When testifying before this Standing Committee on May 16, 2019, Justice Centre Litigation Director Jay Cameron challenged Members of Parliament to define online “hate.” In its report the Standing Committee recommended that the Government of Canada “formulate a definition of what constitutes ‘hate’ or ‘hatred’ that is consistent with Supreme Court of Canada jurisprudence.” The Standing Committee went on to recommend that “this definition acknowledges persons who are disproportionately targeted by hate speech including but not limited to racial, Indigenous, ethnic, linguistic, sexual orientation, gender identity, and religious groups.”
In June, the Justice Centre’s Campus Free Speech Fellow, Lindsay Shepherd, provided insight to the Committee based on the unique experiences she gained during her time in university.
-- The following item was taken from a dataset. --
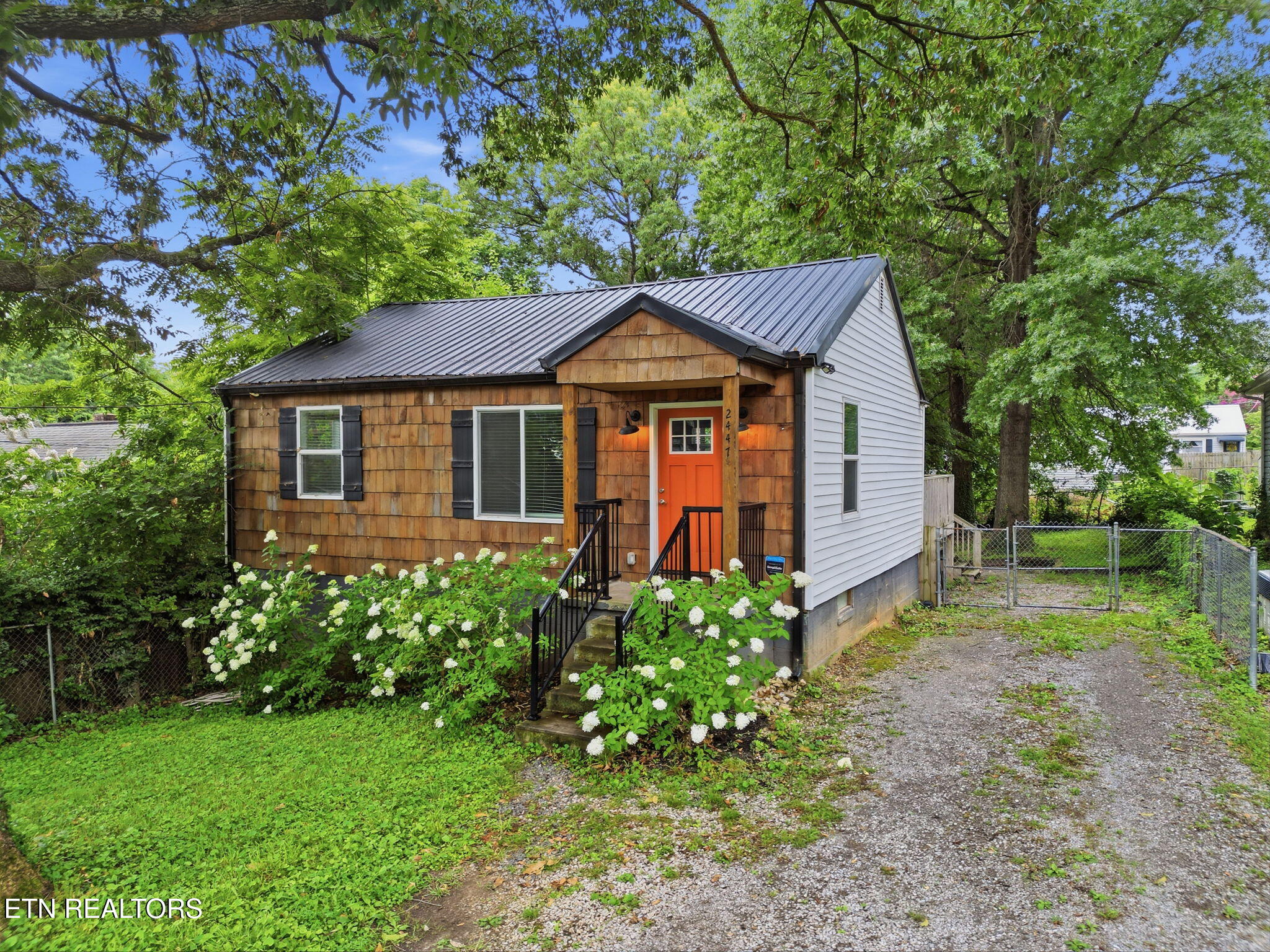 2447 Amber Street Knoxville TN 37917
Lindsay, who has an M.A. in Cultural Analysis and Social Theory from Wilfrid Laurier University, became well known in Canada and abroad after she was subjected to intimidation and reprimands by her professors for having shown her pupils a segment of a television debate about gender neutral pronouns featuring Dr. Jordan B. Peterson. Lindsay urged Committee members not to bring back section 13 of the Canadian Human Rights Act, which was abused by complainants to subject Maclean’s magazine to human rights proceedings
In its report, the Committee recommended:
That the Government of Canada develop a working group comprised of relevant stakeholders to establish a civil remedy for those who assert that their human rights have been violated under the Canadian Human Rights Act, irrespective of whether that violation happens online, in person, or in traditional print format. This remedy could take the form of reinstating the former section 13 of the Canadian Human Rights Act, or implementing a provision analogous to the previous section 13 within the Canadian Human Rights Act, which accounts for the prevalence of hatred on social media.
The Justice Centre also prepared a report to benefit parliamentarians (and the public) as they examine the issue of “online hate” in Canada. This report, “Hate or Disagreement? Respecting Charter-protected freedom of expression in a digital world,” implores parliamentarians to tread carefully when redefining the line between Criminal hatred and free expression:
In order to preserve Canada’s liberal democracy, federal and provincial governments must pay closer attention to their constitutional obligations. The intent to protect the constitutional right of freedom of expression must begin to be “fundamental” to governments, not an afterthought, or an inconvenience.
The Committee has largely or entirely ignored the voices raised in opposition and warning, and made almost no mention or response to the concerns those persons raised in their testimonies. The majority’s report is very one-sided.
It takes strong political spine to campaign for free expression protected by the Charter. It means standing for the right of people to speak, believe, and associate on views which the majority may disagree with.